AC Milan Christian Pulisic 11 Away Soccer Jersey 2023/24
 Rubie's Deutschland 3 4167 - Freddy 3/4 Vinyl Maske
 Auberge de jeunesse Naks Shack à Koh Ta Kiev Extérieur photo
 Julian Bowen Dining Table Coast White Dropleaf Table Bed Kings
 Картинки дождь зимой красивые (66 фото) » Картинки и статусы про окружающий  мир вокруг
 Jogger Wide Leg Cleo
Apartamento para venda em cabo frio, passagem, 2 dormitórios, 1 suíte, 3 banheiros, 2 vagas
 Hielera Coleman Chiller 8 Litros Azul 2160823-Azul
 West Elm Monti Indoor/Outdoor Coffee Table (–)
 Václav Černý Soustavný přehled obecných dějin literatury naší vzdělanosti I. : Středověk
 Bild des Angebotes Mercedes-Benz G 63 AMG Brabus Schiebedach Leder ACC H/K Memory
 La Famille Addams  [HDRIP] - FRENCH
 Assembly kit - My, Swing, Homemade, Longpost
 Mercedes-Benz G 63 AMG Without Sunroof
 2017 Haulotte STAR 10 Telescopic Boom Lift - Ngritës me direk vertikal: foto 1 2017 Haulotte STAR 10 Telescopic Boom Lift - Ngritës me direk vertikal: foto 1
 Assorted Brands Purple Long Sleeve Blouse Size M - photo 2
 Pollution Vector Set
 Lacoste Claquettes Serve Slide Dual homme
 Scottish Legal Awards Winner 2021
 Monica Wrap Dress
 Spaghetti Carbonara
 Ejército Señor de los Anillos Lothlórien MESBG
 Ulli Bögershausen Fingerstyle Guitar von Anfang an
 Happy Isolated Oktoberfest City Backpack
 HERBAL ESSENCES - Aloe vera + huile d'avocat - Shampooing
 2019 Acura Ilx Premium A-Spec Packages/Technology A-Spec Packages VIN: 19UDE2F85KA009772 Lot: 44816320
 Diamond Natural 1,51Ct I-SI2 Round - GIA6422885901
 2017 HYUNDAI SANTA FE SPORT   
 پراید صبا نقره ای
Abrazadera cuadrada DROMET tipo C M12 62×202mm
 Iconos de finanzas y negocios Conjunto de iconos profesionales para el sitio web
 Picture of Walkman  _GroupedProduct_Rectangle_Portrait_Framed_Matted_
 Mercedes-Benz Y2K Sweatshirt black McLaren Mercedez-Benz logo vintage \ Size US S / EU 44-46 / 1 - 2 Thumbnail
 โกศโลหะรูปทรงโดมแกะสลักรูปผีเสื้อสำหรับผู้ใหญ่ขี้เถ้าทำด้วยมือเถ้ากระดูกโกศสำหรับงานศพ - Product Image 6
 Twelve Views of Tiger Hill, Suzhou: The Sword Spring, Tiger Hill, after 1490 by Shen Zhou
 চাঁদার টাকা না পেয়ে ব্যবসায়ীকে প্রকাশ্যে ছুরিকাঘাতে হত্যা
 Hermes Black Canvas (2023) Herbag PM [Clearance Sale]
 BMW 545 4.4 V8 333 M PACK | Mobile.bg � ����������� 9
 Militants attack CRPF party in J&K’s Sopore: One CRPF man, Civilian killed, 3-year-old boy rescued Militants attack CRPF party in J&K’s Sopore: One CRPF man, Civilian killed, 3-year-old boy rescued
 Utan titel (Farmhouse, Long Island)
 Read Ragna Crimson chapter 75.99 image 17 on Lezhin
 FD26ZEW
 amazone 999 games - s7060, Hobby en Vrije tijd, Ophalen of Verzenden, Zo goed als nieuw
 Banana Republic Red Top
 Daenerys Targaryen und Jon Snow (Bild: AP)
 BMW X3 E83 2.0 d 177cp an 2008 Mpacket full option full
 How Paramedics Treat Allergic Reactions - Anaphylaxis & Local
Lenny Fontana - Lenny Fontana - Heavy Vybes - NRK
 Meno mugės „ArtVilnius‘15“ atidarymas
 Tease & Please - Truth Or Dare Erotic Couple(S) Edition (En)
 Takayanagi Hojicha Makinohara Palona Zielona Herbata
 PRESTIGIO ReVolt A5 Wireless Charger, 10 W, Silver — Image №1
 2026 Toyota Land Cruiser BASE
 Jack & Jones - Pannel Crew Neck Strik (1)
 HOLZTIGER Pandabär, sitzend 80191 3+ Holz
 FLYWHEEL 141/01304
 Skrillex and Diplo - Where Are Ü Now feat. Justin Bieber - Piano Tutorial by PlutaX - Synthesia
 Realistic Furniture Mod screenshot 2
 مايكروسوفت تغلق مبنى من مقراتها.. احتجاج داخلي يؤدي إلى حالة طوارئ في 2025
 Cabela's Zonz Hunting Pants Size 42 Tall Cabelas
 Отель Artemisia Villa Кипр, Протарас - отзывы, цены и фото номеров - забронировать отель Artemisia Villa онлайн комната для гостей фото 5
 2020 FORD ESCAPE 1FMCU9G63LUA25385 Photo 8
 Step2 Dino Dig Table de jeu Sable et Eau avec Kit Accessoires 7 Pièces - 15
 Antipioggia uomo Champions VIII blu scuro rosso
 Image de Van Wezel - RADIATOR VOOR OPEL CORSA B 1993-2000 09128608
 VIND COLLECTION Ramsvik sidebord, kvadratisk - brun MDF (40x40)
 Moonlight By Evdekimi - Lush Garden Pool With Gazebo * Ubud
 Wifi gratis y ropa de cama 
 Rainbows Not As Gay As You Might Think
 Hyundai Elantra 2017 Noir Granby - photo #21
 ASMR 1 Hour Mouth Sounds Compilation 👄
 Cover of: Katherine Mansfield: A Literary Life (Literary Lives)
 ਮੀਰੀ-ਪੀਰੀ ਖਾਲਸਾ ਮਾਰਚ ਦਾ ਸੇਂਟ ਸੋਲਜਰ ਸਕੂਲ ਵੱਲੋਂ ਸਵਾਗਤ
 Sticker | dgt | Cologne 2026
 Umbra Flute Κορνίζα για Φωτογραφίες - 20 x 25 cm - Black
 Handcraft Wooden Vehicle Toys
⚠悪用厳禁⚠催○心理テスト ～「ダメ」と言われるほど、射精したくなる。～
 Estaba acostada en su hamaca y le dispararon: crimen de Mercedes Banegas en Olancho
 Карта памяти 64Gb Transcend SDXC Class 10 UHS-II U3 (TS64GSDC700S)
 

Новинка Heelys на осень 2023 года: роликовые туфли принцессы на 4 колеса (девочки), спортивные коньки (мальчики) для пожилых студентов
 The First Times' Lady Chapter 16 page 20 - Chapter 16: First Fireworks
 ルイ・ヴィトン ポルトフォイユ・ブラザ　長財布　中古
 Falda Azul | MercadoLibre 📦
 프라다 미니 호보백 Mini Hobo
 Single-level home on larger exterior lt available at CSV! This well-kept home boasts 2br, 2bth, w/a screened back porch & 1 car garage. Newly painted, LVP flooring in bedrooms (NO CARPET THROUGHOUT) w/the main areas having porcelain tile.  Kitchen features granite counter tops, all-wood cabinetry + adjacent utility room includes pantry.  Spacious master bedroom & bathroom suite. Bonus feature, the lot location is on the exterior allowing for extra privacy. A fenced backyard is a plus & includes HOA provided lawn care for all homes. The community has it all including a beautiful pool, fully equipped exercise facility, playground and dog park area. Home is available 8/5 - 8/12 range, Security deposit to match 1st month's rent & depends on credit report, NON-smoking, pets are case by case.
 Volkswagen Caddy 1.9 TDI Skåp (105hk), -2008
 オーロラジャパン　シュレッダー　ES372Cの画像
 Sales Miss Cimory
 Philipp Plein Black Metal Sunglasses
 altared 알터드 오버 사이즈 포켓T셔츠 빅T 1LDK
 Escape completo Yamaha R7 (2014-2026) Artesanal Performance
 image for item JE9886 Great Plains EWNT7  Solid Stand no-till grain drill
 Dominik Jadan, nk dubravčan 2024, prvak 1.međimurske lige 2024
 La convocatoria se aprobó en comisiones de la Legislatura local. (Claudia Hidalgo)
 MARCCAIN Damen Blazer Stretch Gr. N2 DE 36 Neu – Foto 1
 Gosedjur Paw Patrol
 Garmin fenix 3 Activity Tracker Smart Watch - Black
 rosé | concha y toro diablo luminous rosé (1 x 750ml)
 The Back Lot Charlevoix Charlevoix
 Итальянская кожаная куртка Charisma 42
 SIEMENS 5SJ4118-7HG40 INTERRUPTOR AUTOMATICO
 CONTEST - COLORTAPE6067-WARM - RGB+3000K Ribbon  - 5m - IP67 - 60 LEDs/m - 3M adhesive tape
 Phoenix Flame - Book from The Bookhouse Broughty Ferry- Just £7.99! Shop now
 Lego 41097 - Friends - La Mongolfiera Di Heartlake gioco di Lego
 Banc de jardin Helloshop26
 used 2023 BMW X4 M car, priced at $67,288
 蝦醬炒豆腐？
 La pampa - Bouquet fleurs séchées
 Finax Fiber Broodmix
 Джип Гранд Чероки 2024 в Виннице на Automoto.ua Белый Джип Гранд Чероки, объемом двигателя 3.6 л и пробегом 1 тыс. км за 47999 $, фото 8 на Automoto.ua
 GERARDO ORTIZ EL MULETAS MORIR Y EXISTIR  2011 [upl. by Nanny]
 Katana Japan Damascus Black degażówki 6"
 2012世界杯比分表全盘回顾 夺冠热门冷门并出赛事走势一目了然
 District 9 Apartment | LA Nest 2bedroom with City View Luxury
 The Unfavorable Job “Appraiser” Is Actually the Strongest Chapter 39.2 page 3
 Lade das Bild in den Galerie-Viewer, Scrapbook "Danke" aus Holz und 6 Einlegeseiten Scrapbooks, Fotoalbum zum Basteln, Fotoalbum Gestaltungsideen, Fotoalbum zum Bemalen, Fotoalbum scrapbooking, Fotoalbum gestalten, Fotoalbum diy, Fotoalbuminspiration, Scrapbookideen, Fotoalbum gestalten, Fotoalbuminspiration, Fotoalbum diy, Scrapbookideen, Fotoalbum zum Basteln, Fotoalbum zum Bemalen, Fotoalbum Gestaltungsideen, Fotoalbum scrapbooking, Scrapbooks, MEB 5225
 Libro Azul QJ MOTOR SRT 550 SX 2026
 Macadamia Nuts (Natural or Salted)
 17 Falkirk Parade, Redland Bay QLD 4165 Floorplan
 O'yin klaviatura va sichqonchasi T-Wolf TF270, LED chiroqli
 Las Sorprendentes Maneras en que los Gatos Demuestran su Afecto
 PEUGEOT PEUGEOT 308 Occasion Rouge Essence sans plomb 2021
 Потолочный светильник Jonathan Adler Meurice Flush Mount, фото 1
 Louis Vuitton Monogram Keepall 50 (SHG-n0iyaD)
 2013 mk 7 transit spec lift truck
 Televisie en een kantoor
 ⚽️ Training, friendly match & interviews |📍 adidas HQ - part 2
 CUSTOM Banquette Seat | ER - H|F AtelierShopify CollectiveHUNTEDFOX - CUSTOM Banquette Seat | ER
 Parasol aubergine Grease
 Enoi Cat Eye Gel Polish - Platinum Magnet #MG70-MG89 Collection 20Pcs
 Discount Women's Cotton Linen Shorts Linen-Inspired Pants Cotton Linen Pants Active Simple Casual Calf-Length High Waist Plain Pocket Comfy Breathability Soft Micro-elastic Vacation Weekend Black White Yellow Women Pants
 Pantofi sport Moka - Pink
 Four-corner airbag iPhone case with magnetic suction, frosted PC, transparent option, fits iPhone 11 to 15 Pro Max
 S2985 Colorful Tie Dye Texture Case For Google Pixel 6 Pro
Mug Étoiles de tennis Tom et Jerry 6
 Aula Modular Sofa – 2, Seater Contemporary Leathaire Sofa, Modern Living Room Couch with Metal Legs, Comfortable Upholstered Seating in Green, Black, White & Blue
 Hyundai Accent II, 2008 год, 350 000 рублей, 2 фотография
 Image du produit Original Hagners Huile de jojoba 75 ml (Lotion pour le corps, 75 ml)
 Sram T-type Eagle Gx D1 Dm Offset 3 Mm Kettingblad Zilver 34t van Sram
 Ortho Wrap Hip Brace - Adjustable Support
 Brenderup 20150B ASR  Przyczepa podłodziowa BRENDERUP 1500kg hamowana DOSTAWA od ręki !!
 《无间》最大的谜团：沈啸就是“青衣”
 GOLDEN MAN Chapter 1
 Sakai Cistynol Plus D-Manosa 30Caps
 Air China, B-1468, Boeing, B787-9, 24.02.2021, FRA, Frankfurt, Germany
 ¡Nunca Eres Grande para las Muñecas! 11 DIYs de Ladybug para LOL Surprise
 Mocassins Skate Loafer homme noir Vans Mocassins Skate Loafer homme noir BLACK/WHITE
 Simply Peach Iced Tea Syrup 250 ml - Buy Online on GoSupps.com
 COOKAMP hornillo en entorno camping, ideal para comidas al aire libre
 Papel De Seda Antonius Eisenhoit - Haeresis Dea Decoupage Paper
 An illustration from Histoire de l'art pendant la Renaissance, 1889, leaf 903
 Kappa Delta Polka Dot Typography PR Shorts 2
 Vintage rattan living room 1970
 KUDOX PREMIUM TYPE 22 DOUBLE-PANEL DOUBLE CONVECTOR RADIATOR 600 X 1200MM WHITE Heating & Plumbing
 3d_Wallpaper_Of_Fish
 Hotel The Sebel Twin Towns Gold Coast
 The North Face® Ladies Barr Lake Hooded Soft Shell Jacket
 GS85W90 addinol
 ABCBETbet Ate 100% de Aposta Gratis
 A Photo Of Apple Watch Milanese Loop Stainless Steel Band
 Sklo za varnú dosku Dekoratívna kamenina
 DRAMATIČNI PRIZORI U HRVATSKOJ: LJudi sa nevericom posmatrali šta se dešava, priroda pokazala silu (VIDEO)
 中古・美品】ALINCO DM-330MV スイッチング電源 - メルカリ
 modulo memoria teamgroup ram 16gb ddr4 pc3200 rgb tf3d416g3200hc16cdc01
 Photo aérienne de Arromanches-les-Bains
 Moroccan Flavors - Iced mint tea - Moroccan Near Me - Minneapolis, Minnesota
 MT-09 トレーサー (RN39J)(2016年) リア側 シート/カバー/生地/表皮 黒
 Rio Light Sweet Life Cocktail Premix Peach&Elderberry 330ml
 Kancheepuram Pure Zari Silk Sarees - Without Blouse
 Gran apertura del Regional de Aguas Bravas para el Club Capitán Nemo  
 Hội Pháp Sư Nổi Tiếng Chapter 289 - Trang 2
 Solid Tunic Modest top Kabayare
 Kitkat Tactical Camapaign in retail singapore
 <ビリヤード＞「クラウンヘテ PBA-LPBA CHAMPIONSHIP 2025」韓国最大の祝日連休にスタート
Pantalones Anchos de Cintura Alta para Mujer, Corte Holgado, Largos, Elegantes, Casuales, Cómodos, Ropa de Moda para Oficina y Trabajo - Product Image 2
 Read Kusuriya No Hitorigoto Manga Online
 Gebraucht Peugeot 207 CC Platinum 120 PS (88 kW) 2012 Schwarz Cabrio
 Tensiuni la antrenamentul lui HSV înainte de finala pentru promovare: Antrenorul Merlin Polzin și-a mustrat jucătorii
----------
Exercise aim:
Retype exactly the span of lines from the one with "COOKAMP hornillo en" through the one with "Kancheepuram Pure Zari"; include both ends and omit the rest of the material.

Solution to this exercise:
 COOKAMP hornillo en entorno camping, ideal para comidas al aire libre
 Papel De Seda Antonius Eisenhoit - Haeresis Dea Decoupage Paper
 An illustration from Histoire de l'art pendant la Renaissance, 1889, leaf 903
 Kappa Delta Polka Dot Typography PR Shorts 2
 Vintage rattan living room 1970
 KUDOX PREMIUM TYPE 22 DOUBLE-PANEL DOUBLE CONVECTOR RADIATOR 600 X 1200MM WHITE Heating & Plumbing
 3d_Wallpaper_Of_Fish
 Hotel The Sebel Twin Towns Gold Coast
 The North Face® Ladies Barr Lake Hooded Soft Shell Jacket
 GS85W90 addinol
 ABCBETbet Ate 100% de Aposta Gratis
 A Photo Of Apple Watch Milanese Loop Stainless Steel Band
 Sklo za varnú dosku Dekoratívna kamenina
 DRAMATIČNI PRIZORI U HRVATSKOJ: LJudi sa nevericom posmatrali šta se dešava, priroda pokazala silu (VIDEO)
 中古・美品】ALINCO DM-330MV スイッチング電源 - メルカリ
 modulo memoria teamgroup ram 16gb ddr4 pc3200 rgb tf3d416g3200hc16cdc01
 Photo aérienne de Arromanches-les-Bains
 Moroccan Flavors - Iced mint tea - Moroccan Near Me - Minneapolis, Minnesota
 MT-09 トレーサー (RN39J)(2016年) リア側 シート/カバー/生地/表皮 黒
 Rio Light Sweet Life Cocktail Premix Peach&Elderberry 330ml
 Kancheepuram Pure Zari Silk Sarees - Without Blouse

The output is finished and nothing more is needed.